Relative roles of different types of PSC to Antarctic ozone depletion in polar spring caused by chlorine activation and denitrification

It is well known that heterogeneous reactions on the surfaces of PSC particles and denitrification of the stratosphere are the cause for Antarctic ozone depletion in polar spring, but the relative roles of different types of PSCs is an open question. We use multi-year simulations from 2005 to 2014 of the chemistry-climate model ECHAM5/MESSy Atmospheric chemistry (EMAC) to investigate the impact that various types of PSCs have on Antarctic ozone loss.
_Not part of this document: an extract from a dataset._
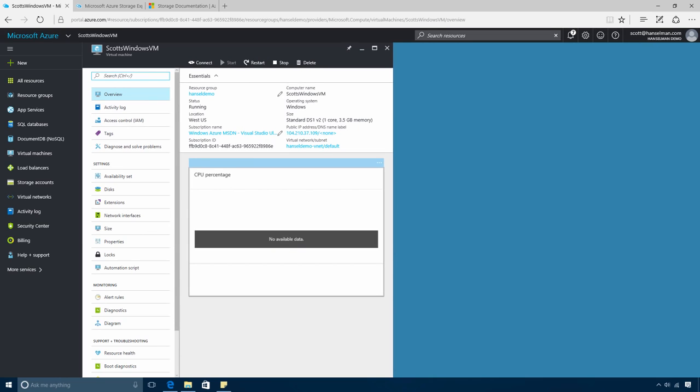So now I can manage this virtual machine right from this blade. I can look at the activity log, diagnose problems.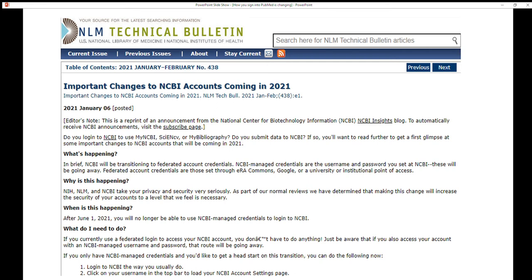Instead, you can take action to transition to using a federated account, such as your GW NetID, ERA Commons, or ORCID account login.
One standard and three sensitivity EMAC simulations (nudged with ERA-Interim) have been performed to evaluate the contribution of liquid, NAT and ice particles to ozone depletion in Antarctic winter and spring due to chlorine activation by heterogeneous chemistry on their surfaces. In the three sensitivity simulations, we changed the heterogeneous chemistry on PSC particles by switching on and off the chemistry on liquid, NAT and ice particles. Further sensitivity simulations are performed to evaluate the contribution of NAT to Antarctic ozone depletion through denitrification of the stratosphere. With the help of these different EMAC simulations we will show the significance of liquid, NAT and ice particles to Antarctic ozone depletion caused by chlorine activation and denitrification.